上記の構成では、次のオプションを使用して、リージョン間 DR を最適化します。

server.grpc-compression-type: gzip設定すると、TiKV での gRPC メッセージ圧縮が有効になり、ネットワークトラフィックが削減されます。
raftstore.raft-min-election-timeout-ticksとraftstore.raft-max-election-timeout-ticks設定すると、領域 3 が選挙に参加するまでの時間が延長され、この領域内のレプリカがリーダーとして投票されるのを防ぐことができます。

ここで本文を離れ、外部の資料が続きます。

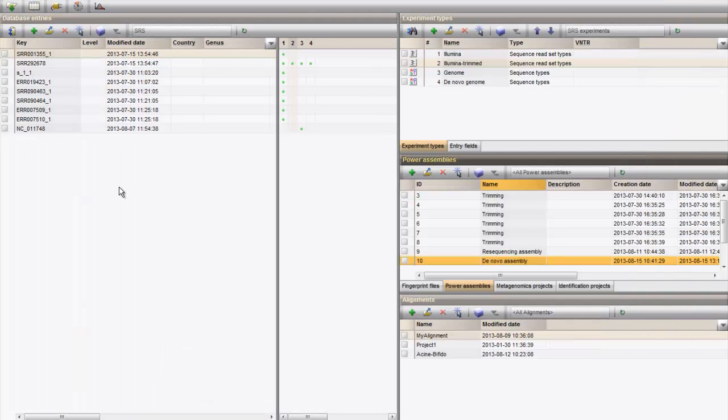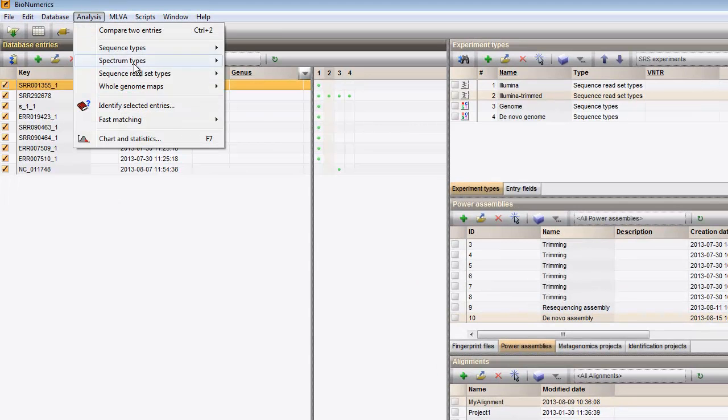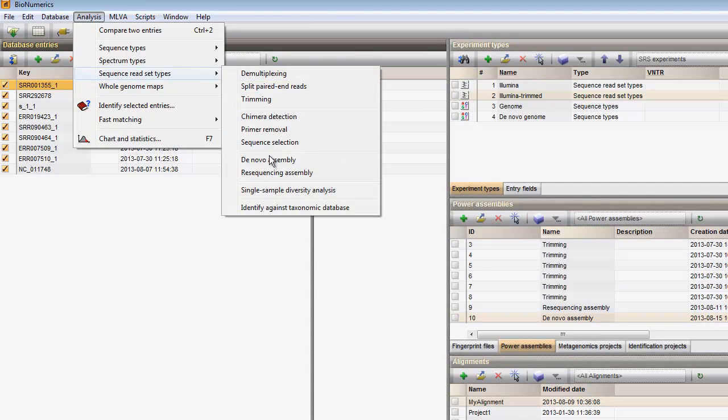If you want to run multiple samples in parallel using the same assembly pipeline, you can do this by selecting all the entries in the database and by starting the assembly simultaneously on the database selection. This will automatically generate an assembly project for each sample and will execute them in batch.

上記の構成ファイルを使用してクラスターを作成します。

tiup cluster deploy drtest v6.4.0 ./topo.yaml
tiup cluster start drtest --init
tiup cluster display drtest

クラスターのレプリカ数とリーダー制限を設定します。

tiup ctl:v6.4.0 pd config set max-replicas 5
tiup ctl:v6.4.0 pd config set label-property reject-leader Region Region3

# The following step adds some test data to the cluster, which is optional.
tiup bench tpcc  prepare -H 127.0.0.1 -P 4000 -D tpcc --warehouses 1

PD リーダーの優先度を指定します:

tiup ctl:v6.4.0 pd member leader_priority  pd-1 4
tiup ctl:v6.4.0 pd member leader_priority  pd-2 3
tiup ctl:v6.4.0 pd member leader_priority  pd-3 2
tiup ctl:v6.4.0 pd member leader_priority  pd-4 1
tiup ctl:v6.4.0 pd member leader_priority  pd-5 0

注記：
優先度の数値が大きいほど、このノードがリーダーになる可能性が高くなります。

配置ルールを作成し、テストテーブルのプライマリレプリカをリージョン 1 に固定します。

-- Create two placement rules: the first rule specifies that region 1 works as the primary region, and region 2 as the secondary region.
-- The second placement rule specifies that when region 1 is down, region 2 will become the primary region.
MySQL [(none)]> CREATE PLACEMENT POLICY primary_rule_for_region1 PRIMARY_REGION="Region1" REGIONS="Region1, Region2,Region3";
MySQL [(none)]> CREATE PLACEMENT POLICY secondary_rule_for_region2 PRIMARY_REGION="Region2" REGIONS="Region1,Region2,Region3";

-- Apply the rule primary_rule_for_region1 to the corresponding user tables.
ALTER TABLE tpcc.warehouse PLACEMENT POLICY=primary_rule_for_region1;
ALTER TABLE tpcc.district PLACEMENT POLICY=primary_rule_for_region1;

-- Note: You can modify the database name, table name, and placement rule name as needed.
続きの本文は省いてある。